MongoDB: MongoDB supports single-field, compound, multi-key, and geographic indexes, among other index types. Properly indexing collections can greatly improve query performance, particularly in workloads with high reading content. For sophisticated aggregate queries to be efficiently executed, MongoDB's indexing capabilities are essential. 

RDBMS: RDBMSs enable developers to build indexes on particular columns, which speeds up query processing. RDBMS indexes can improve select query performance, particularly when filtering and merging data from several tables.

Difference between RDBMS and MongoDB

Difference between RDBMS and MongoDB
KeyRDBMSMongoDB
ConceptRDBMSs operate on relational databases and are a type of relational database management system.MongoDB is a document-oriented database management system that operates on document-based databases and is non-relational.
Hierarchical It is challenging to store historical data.It has built-in capability for storing historical data.
ExpandabilityRDBMSs can scale vertically. As RAM is increased, performance improves.MongoDB is horizontally scalable.

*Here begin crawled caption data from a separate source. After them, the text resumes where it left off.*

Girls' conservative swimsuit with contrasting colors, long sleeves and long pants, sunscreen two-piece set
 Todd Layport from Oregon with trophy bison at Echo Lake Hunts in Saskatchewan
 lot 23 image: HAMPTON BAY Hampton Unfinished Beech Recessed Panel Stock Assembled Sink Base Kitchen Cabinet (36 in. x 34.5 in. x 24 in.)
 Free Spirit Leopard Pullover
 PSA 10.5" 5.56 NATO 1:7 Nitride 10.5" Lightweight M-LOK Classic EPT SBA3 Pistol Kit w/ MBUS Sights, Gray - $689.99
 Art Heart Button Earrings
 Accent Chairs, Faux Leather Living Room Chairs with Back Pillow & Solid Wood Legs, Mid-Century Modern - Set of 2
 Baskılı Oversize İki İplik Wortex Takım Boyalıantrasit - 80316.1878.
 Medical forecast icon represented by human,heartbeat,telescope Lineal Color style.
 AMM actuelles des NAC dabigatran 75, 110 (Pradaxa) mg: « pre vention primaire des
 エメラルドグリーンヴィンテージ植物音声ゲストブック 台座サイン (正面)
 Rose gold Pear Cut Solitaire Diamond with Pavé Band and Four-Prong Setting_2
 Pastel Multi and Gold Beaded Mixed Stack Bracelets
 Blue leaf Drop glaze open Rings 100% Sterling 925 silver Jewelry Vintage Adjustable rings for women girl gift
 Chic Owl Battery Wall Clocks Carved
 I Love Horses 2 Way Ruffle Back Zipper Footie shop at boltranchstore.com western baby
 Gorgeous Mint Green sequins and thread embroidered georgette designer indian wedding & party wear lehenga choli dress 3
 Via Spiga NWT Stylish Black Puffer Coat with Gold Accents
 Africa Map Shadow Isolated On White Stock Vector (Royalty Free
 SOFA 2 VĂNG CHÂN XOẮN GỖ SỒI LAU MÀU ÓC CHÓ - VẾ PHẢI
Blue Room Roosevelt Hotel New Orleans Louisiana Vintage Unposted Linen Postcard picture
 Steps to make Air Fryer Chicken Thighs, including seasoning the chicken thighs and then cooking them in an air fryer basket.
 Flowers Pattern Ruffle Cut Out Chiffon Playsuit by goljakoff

As more processors are added, it performs better.
SchemesBefore using a database, an RDBMS requires the definition of a schema.In MongoDB, schema can be defined and accessed dynamically.
SQL InjectionSusceptible to an attack using SQL Injection.It is impossible to do SQL injection.
BasisDatabase uses rows.Document is used by Database
BaseDatabase makes use of Column.Field is used by databases.
AchievementProcessing huge hierarchical data takes longer using RDBMS.  Large hierarchical data sets are processed incredibly quickly by MongoDB.
JointsRobust joins are supported by RDBMS.Complex joins are not supported by MongoDB.
JavaScript ClientRDBMS do not offer clients based on JavaScript for database queries.  A Javascript-based client for database queries is offered by MongoDB.
Language of QuerySQLIt is used by RDBMSs to query databases.MongoDB queries databases uses BSON.

Conclusion

Developers and companies need to consider a number of factors, including the type of data they have, how much read/write work they anticipate doing, and how scalable and highly available they need to be when choosing between MongoDB and RDBMS. Query patterns and indexing techniques should also be considered in order to maximize the performance of either database management system.